Author(s): bfoo@google.com, kozyr@google.com

In this notebook, we will perform training over the features collected from step 4's image and feature analysis step. Two tools will be used in this demo:

  • Scikit learn: the widely used, single machine Python machine learning library
  • TensorFlow: Google's home-grown machine learning library that allows distributed machine learning

Setup

You need to have worked through the feature engineering notebook in order for this to work since we'll be loading the pickled datasets we saved in Step 4. You might have to adjust the directories below if you made changes to save directory in that notebook.


In [0]:
# Enter your username:
YOUR_GMAIL_ACCOUNT = '******' # Whatever is before @gmail.com in your email address

In [0]:
import cv2
import numpy as np
import os
import pickle
import shutil
import sys
import matplotlib.pyplot as plt
import matplotlib.image as mpimg
from random import random
from scipy import stats
from sklearn import preprocessing
from sklearn import svm
from sklearn.linear_model import LogisticRegression
from sklearn.metrics import average_precision_score
from sklearn.metrics import precision_recall_curve

import tensorflow as tf
from tensorflow.contrib.learn import LinearClassifier
from tensorflow.contrib.learn import Experiment
from tensorflow.contrib.learn.python.learn import learn_runner
from tensorflow.contrib.layers import real_valued_column
from tensorflow.contrib.learn import RunConfig

In [0]:
# Directories:
PREPROC_DIR = os.path.join('/home', YOUR_GMAIL_ACCOUNT, 'data/')
OUTPUT_DIR = os.path.join('/home', YOUR_GMAIL_ACCOUNT, 'data/logreg/')  # Does not need to exist yet.

Load stored features and labels

Load from the pkl files saved in step 4 and confirm that the feature length is correct.


In [0]:
training_std = pickle.load(open(PREPROC_DIR + 'training_std.pkl', 'r'))
debugging_std = pickle.load(open(PREPROC_DIR + 'debugging_std.pkl', 'r'))
training_labels = pickle.load(open(PREPROC_DIR + 'training_labels.pkl', 'r'))
debugging_labels = pickle.load(open(PREPROC_DIR + 'debugging_labels.pkl', 'r'))

FEATURE_LENGTH = training_std.shape[1]
print FEATURE_LENGTH

In [0]:
# Examine the shape of the feature data we loaded:
print(type(training_std))  # Type will be numpy array.
print(np.shape(training_std))  # Rows, columns.

In [0]:
# Examine the label data we loaded:
print(type(training_labels))  # Type will be numpy array.
print(np.shape(training_labels)) # How many datapoints?
training_labels[:3]  # First 3 training labels.

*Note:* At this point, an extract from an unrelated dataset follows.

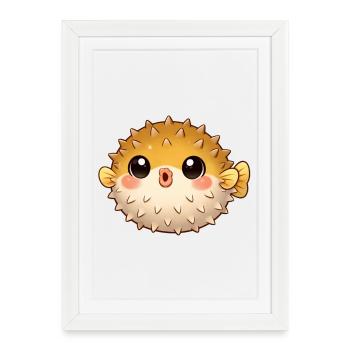 Poisson-globe - Affiche encadrée (27 × 37 cm) - blanc - Devant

Step 5: Enabling Logistic Regression to Run

Logistic regression is a generalized linear model that predicts a probability value of whether each picture is a cat. Scikit-learn has a very easy interface for training a logistic regression model.

Logistic Regression in scikit-learn

In logistic regression, one of the hyperparameters is known as the regularization term C. Regularization is a penalty associated with the complexity of the model itself, such as the value of its weights. The example below uses "L1" regularization, which has the following behavior: as C decreases, the number of non-zero weights also decreases (complexity decreases).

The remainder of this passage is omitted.